Here on Wednesday, 7 September 2011, the 2001 memorial rehashes are at full volume and likely won’t start tapering off until at least this time next week. The New York Times alone has already made commemorative pieces practically their own subgenre. As of this writing, the home pages of both Haaretz in Israel and The Guardian in Britain have pictures of exploding and collapsing buildings in New York. The BBC’s home page is similarly adorned. And, in a global twist that would’ve outraged the shell shocked media people of ten years ago, Al Jazeera English is currently sporting three opinion pieces with “9/11” in the title as well as two photo montages.
For all their gaudy sadness, those stories are looks in the rearview mirror that don’t tell us anything new. Last night BBC radio had a short interview with a British man who lived just a few blocks south of the World Trade Center in 2001. His tale was powerful and immediate in a way only eyewitness accounts can be, but it wasn’t all that different from the thousands of other such accounts that have been recorded over the years. Last Friday’s New York Times, on the other hand, had something that genuinely adds to a complete understanding of not only the 2001 attacks, but of our reactions to them, which have been far more lasting and important.
Reported from Tripoli, the article tells the story of Abdel Hakim Belhaj, a Libyan arrested in Malaysia in 2004, sent to Thailand at the request of the U.S. government, tortured, and then shipped back to Libya to be held for six years of solitary confinement. He was released only last year when he and his fellow band of Islamist rebels agreed to renounce violence. Now he is in charge of the new Libyan government’s forces in Tripoli and is saying all the right things:
“The February 17th revolution is the Libyan people’s revolution and no one can claim it, neither secularists nor Islamists,” he said. “The Libyan people have different views, and all those views have to be involved and respected.”
The Times article makes much of the fact that our government isn’t exactly pleased with Belhaj’s newfound place in officialdom. No doubt government paranoiacs would point out that it’d be easy for him to spin an American reporter in the chaotic climate of power vacuum Tripoli. After all, if he really was the kind of dangerous man our rendition and torture programs were designed for, wouldn’t Western pleasing platitudes like that be exactly what he would say?

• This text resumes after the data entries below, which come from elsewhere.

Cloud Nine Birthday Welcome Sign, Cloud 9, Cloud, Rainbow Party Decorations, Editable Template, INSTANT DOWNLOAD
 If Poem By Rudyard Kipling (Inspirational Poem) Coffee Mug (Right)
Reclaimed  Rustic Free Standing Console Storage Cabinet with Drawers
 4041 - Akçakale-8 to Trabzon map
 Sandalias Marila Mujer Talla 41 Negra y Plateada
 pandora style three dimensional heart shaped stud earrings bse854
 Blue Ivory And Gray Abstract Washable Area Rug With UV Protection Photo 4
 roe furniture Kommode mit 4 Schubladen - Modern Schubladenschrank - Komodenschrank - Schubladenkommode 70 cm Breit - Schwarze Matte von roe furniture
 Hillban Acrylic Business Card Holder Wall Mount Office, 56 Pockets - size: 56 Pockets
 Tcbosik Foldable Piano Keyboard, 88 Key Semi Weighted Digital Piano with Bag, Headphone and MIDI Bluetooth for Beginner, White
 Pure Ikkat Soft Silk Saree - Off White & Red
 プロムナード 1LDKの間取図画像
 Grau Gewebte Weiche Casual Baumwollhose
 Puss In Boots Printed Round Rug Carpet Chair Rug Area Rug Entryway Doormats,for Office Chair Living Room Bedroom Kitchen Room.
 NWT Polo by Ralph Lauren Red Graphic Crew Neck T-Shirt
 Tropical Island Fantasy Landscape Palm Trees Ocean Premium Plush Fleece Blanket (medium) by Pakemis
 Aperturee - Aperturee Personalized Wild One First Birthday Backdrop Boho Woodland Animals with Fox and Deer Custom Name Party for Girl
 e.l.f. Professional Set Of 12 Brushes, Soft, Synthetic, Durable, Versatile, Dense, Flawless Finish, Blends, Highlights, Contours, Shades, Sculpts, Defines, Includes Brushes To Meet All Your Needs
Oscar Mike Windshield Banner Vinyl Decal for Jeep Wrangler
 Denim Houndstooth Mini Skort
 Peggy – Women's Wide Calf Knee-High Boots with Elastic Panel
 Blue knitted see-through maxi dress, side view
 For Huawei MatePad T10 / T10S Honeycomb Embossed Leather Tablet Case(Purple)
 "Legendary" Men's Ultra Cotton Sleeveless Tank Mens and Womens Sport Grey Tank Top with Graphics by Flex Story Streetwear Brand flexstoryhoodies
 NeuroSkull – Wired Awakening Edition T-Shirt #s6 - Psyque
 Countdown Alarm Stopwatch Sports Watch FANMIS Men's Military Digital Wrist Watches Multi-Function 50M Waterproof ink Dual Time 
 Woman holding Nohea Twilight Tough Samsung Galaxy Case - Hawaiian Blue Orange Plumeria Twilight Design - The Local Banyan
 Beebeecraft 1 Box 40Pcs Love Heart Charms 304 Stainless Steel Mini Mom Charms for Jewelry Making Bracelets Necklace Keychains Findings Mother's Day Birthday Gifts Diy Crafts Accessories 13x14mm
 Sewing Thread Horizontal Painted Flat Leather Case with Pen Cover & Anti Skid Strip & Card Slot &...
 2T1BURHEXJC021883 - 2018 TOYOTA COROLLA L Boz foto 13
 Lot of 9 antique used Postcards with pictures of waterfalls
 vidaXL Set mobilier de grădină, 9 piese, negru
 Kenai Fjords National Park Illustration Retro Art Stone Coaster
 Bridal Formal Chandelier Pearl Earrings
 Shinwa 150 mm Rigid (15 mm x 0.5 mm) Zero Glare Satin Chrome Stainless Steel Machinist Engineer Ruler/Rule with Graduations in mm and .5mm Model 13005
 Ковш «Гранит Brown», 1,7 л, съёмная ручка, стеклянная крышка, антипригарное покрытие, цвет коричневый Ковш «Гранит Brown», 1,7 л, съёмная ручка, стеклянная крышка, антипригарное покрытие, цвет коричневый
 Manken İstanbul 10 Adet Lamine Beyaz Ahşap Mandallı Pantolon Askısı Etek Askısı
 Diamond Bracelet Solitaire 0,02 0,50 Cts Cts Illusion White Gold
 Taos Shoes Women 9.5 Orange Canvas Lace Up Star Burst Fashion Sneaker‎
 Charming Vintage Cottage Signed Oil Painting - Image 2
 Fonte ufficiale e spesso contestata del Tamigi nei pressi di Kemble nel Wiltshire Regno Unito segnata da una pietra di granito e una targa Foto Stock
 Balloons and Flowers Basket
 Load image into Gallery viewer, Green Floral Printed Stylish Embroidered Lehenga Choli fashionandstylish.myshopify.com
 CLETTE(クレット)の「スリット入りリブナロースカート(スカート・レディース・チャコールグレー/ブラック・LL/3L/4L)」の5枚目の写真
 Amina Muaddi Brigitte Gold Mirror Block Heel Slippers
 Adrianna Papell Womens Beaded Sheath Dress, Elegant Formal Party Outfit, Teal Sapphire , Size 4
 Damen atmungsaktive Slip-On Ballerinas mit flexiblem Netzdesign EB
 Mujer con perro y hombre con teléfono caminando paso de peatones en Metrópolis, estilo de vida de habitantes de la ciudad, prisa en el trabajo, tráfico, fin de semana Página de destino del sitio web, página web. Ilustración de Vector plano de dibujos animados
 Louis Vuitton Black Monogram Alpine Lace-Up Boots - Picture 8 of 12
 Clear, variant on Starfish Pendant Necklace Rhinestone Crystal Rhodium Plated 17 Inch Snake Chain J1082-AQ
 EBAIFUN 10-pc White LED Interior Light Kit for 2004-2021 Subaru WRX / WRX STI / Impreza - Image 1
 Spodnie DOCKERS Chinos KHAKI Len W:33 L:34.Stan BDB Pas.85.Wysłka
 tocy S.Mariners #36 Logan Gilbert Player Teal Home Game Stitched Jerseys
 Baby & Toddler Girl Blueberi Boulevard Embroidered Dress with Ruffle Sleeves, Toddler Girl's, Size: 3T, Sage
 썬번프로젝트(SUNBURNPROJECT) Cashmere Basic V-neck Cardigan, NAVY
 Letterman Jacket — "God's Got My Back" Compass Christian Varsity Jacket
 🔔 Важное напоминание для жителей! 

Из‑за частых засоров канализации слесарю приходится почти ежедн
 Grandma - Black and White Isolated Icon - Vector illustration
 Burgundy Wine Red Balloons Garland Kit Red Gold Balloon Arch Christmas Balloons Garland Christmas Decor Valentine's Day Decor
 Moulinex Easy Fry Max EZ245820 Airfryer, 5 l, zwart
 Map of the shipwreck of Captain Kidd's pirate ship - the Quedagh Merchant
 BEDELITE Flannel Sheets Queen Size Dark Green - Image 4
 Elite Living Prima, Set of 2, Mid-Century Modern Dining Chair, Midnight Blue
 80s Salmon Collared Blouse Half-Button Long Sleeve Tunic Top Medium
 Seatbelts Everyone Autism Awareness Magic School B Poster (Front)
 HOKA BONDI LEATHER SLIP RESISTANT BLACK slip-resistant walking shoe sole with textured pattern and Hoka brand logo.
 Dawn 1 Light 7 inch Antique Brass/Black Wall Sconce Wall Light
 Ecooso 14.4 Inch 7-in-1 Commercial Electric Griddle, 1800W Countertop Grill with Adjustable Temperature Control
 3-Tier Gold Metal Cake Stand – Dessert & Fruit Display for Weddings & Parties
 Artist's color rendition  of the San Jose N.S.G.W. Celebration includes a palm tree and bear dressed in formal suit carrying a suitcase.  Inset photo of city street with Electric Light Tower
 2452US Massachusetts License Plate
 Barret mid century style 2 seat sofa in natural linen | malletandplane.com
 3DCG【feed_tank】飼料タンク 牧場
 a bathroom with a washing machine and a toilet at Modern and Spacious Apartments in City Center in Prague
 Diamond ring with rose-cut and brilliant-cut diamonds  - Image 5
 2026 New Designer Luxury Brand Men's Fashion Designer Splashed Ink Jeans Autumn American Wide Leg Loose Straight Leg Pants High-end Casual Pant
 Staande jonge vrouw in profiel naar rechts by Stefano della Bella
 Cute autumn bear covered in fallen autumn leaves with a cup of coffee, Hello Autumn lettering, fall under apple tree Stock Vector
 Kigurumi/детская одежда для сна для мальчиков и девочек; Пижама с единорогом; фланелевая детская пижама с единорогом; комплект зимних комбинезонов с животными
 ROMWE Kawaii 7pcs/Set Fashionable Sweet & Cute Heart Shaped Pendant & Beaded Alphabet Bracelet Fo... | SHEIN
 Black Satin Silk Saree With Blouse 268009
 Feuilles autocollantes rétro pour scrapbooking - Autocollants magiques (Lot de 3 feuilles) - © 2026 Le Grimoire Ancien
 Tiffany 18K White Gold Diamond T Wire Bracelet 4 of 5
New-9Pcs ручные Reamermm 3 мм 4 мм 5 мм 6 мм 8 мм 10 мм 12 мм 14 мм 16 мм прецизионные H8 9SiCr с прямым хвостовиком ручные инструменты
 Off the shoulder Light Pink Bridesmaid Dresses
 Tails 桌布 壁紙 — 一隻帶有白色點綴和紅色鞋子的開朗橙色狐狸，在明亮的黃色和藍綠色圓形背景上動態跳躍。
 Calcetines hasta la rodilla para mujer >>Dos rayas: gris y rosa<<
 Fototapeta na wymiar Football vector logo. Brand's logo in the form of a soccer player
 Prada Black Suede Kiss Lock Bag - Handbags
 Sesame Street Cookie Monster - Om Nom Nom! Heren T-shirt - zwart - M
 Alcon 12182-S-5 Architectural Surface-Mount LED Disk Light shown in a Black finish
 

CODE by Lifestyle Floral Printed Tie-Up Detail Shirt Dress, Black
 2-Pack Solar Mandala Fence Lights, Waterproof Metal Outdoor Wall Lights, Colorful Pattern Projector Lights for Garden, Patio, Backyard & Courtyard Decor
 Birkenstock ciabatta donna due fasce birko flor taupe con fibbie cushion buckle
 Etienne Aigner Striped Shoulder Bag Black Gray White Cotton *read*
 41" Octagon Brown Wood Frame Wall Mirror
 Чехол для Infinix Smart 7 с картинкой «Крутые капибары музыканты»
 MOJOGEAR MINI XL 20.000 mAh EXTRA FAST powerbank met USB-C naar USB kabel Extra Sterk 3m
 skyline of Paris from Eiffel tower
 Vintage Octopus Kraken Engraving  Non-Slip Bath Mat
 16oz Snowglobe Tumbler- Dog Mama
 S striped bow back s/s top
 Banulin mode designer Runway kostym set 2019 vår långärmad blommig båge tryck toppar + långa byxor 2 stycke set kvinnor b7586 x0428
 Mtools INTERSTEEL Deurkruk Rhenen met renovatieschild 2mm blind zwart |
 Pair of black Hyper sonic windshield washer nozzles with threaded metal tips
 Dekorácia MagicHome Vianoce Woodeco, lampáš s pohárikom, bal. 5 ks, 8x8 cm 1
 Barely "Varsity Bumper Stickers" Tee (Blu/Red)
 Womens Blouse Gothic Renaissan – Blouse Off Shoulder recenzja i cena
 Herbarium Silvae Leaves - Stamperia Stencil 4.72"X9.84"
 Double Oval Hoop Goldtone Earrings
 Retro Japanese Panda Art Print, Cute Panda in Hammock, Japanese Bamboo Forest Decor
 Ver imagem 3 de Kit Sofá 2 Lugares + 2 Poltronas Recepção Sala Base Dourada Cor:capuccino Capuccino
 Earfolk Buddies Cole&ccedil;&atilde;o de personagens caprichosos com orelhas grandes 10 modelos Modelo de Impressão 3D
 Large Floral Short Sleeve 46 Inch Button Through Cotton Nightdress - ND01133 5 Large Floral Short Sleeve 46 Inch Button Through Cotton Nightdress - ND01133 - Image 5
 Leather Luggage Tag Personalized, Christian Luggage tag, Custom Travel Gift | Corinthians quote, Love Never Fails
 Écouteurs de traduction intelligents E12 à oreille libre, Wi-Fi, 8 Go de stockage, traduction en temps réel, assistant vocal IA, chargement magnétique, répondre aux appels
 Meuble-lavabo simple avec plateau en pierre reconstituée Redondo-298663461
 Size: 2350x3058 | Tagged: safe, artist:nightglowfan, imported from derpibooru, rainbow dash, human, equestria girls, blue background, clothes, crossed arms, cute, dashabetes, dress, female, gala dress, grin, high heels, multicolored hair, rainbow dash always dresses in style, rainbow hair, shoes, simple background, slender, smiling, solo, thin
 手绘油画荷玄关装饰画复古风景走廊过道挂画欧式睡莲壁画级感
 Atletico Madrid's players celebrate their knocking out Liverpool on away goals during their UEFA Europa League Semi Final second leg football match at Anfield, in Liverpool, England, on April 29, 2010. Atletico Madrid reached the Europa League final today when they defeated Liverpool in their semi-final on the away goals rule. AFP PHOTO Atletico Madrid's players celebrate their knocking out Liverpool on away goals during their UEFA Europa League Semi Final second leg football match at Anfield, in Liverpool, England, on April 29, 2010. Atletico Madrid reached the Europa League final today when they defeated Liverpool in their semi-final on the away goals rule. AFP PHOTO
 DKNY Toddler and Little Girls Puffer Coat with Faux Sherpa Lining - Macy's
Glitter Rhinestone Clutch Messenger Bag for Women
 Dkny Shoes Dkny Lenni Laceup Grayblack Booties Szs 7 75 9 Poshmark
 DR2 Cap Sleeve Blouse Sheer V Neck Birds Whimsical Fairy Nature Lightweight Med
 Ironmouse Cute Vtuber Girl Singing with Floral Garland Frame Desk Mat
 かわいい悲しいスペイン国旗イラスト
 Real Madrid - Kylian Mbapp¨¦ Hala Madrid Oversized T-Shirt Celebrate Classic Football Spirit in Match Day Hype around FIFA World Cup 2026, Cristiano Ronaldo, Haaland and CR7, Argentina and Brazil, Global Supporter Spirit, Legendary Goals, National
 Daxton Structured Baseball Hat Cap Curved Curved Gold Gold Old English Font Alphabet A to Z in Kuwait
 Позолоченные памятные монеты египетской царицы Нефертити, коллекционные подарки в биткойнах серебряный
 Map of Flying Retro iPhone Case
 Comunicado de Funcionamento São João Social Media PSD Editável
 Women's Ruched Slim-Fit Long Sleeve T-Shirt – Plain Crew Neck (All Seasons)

At the same time, Belhaj is no longer a wanted man. Indeed, given the politics of today, having spent six years in a Libyan prison for opposing Muammar Gaddafi is about as high a badge of honor as one can have. The article ends with what can only be described as a plea for justice far more civilized than the kind he was initially given in Malaysia, Thailand and Libya:
While Mr. Belhaj insisted that he was not interested in revenge, it is not a period of his life that he has altogether forgotten. “If one day there is a legal way, I would like to see my torturers brought to court,” he said.
Given the uncertainties in Libya at the moment, Abdel Hakim Belhaj’s story is far from over. But it’s been a very instructive one so far. He’s gone from American ally (he fought against the Soviets in Afghanistan), to American prisoner, to the military chief of a capital city that the U.S. bombed in 1986 and 2011. That he got his current position with a big assist from his erstwhile allies/captors just makes things that much more illustrative of the myriad ways the 2001 terrorist attacks have affected the wider world.
Belhaj’s life was indelibly marked by the 2001 terrorist attacks and the vastly more influential American response to them, and he is far from alone. Ten years on it’s worth remembering not only the direct victims of that day, but all of the worldly complexities that too often get ignored. Solemn memorials are well deserved, but not at the expense of the wider understanding that places them in context and perspective.